Dünya

Gazze'de toplu mezardan 190 ceset çıkarıldı

İsrail ordusunun Gazze'nin güneyindeki Han Yunus kentinden çekilmesinin ardından Nasır Hastanesi kompleksinde bulunan bir toplu mezardan 190 cesedin çıkarıldığı belirtildi.

Abone Ol

Haber Merkezi - İsrail ordusunun Gazze'deki Nasır Hastanesinden çekilmesinin ardından toplu mezarlar ortaya çıktı.

Filistin resmi haber ajansı WAFA'ya konuşan sağlık kaynakları, arama kurtarma ekiplerinin Nasır Hastanesi kompleksindeki toplu mezardan İsrail askerlerince öldürülen kadın ve erkek çeşitli yaş gruplarından 190 kişinin cesedini çıkardığını söyledi.

AA'nın aktardığına göre, İsrail ordusunun Nasır Hastanesi'ne düzenlediği baskın sırasında öldürdüğü Filistinlileri iş makineleriyle hastane çevresinde açılan toplu mezarlara gömdüğünü aktaran sağlık kaynakları, kentte hâlen yaklaşık 500 kişinin kayıp olduğunu vurguladı.

İsrail askerlerinin karadan 4 ay boyunca saldırılarına hedef olan Han Yunus'tan geriye yol kenarları, sokaklar ve evlerin enkazında bulunan çok sayıda ceset kaldı.

Hamas Hareketi, Gazze Şeridi'ndeki Nasır Hastanesi'nde bulunan toplu mezarların İsrail ordusunun işlediği suçların boyutunu bir kez daha gösterdiğini belirtti. Hamas, Nasır Hastanesi kompleksinde bulunan toplu mezardan 190 cesedin çıkarılmasına ilişkin yazılı açıklama yaptı.

"Özellikle hastane bahçelerinde bulunan toplu mezarlar, işgalci siyonist ordunun işlediği suç ve vahşetin boyutunu yeniden gözler önüne serdi" ifadesine yer verilen açıklamada, bulunan toplu mezarların Gazze Şeridi'ndeki kayıp kişilerin akıbetleriyle ilgili soruları yeniden gündeme getirdiğinin altı çizildi.

Açıklamada, İsrail ordusunun sınırsız askeri ve siyasi destek olmaksızın hastanelerde, sığınma ve barınma merkezlerinde, silahsız sivillere yönelik katliamlarını sürdürmesinin mümkün olmayacağı vurgulandı. "ABD yönetimi bu faşist oluşuma koruma sağlıyor" ifadesine yer verilen açıklamada, İsrail'e Filistin halkına karşı 6 aydan daha uzun süren bu "katliam savaşını" sürdürme imkanını Washington'un verdiği kaydedildi.
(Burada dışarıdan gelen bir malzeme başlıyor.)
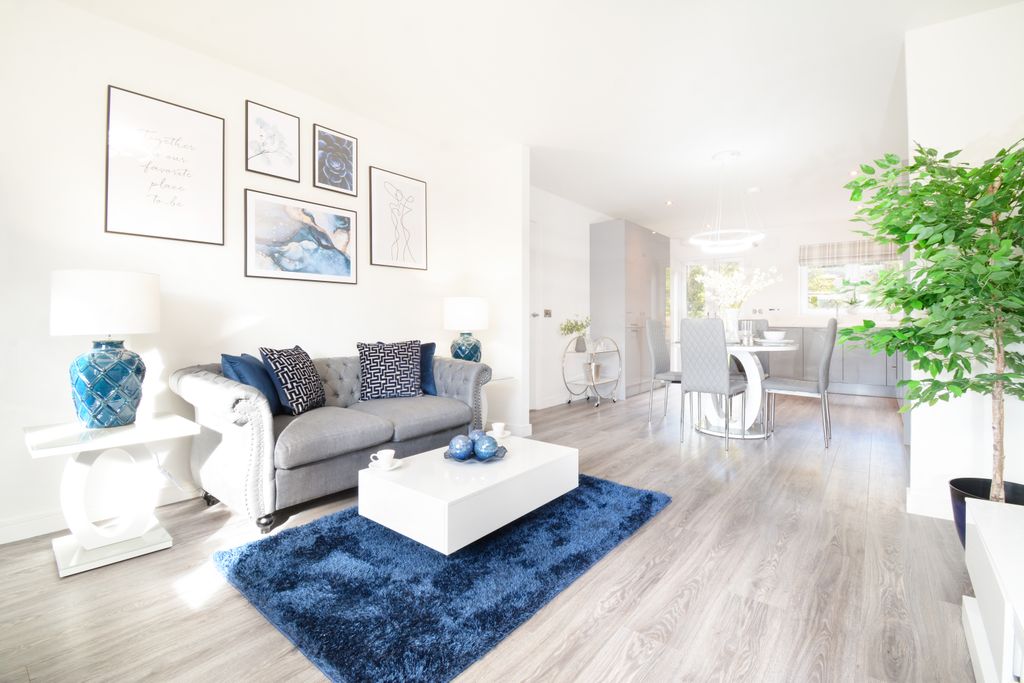 Additional image 3 of 3 bed semi-detached house for saleOrchard Way, Hillside, Montrose DD10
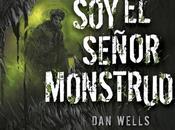 Reseña #160 señor monstruo Wells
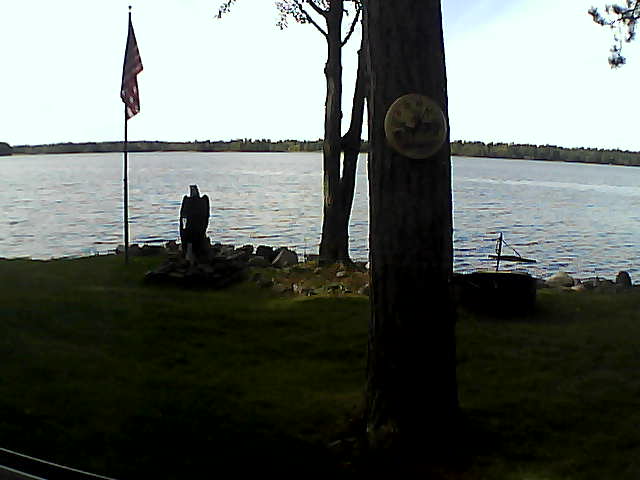 Whiteface Cam Image - Fri, 09/18/2020 3:11pm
Filistin Yönetimi Enformasyon Bakanı ve Devlet Başkanlığı Sözcüsü Nebil Ebu Rudeyne ise, ABD’nin İsrail’e verdiği güvenlik desteğini “tehlikeyi tırmandırdığı ve savaşın kapsamının genişletilmesine yeşil ışık yaktığı” şeklinde nitelendirdi.

ABD Temsilciler Meclisi'nin İsrail’e 26 milyar dolar değerinde askeri yardım sağlanmasına ilişkin Filistin haber ajansı WAFA’ya değerlendirmede bulunan Filistin Devleti Başkanlık Sözcüsü Rudeyne, “ABD’nin İsrail’e verdiği güvenlik desteği Filistin halkına yönelik bir saldırı ve tehlikeyi tırmandıran bir gelişme. Bu adım, İsrail’e savaşı tüm bölge ülkelerini kapsayacak şekilde genişletmesi için yeşil ışık yaktı” ifadelerini kulandı.

Bölgede ve dünyada istikrara giden yolun Filistin’de istikrarın sağlanmasından geçtiğini vurgulayan Rudeyne, ABD’nin Orta Doğu bölgesinde güvenlik ve istikrar için İsrail’e verdiği desteği kınadı.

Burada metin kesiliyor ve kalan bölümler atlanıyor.